The Bushies New Judicial Pick

Bush,Constitution,Justice,Law,Republicans,The Courts

            

Bush’s new Supreme Court nomination may turn out to be the cathartic event to push his loyalists over the edge. Yes, some still imagine Bush is a conservative rather than a radical, faithless to tradition, constitutional or other. After taking a handbagging from Laura Bush, the president appointed Harriet E. Miers to replace Justice Sandra Day O’Connor. The woman is a veteran administrator, and the president’s personal lawyer and confidante (cronyism? You don’t say!) As ominous: Senate Democratic leader Harry Reid is also hot for Harriet. To say she hasn’t a discernible judicial philosophy is an understatement. But why would Bush care whether she can tell Blackstone from Bentham when he can’t? The president simply wants to ensure his appointees vote as he expects them to. Left-liberals, like Catharine Crier of Court TV, believe a judicial activist is someone who reverses precedent. George Bush thinks a judicial activist is someone who disobeys the President.
P.S. Striking down unconstitutional laws is not judicial activism.
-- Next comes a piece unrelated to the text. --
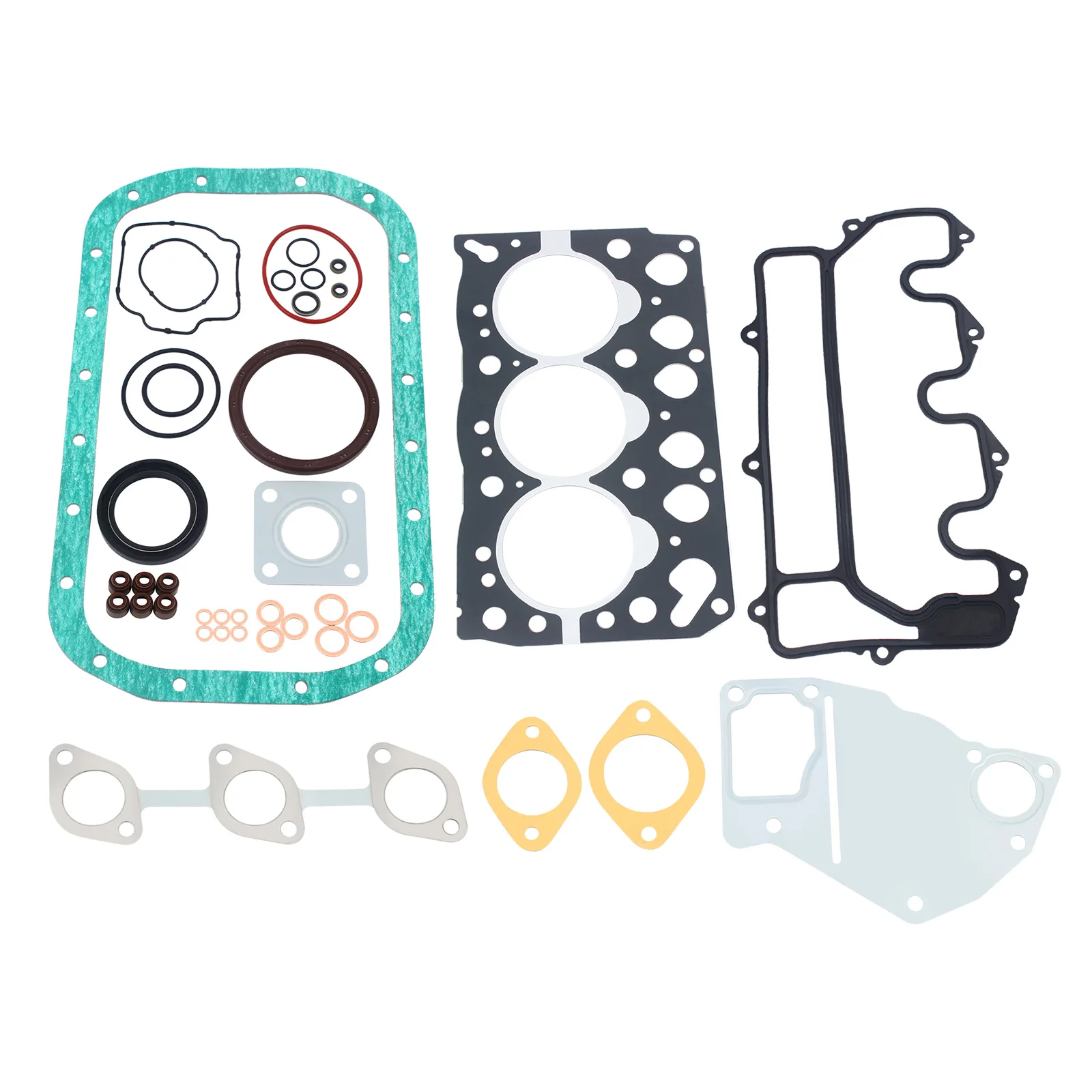 Complete Full Gasket Kit With Cylinder Head Gasket For Isuzu 3Lb1 Engine Lower Upper bbmart auto parts cylinder head gasket set kit upper for e83 e89 e90 e91 e92 11127571963 111 275 719 63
Judicial activism means 1) minting new rights not in the Constitution 2) striking down laws to comport with these freshly minted unconstitutional rights.

Update: A must read today in The Walls Street Journal is Cronyism: Alexander Hamilton wouldn’t approve of Justice Harriet Miers by Randy Barnett. Smart-alecky comments about Hamilton being a centralizer are not germane to Randy’s argument, of course. I’m only preempting the perennial libertarian red-herring harangues.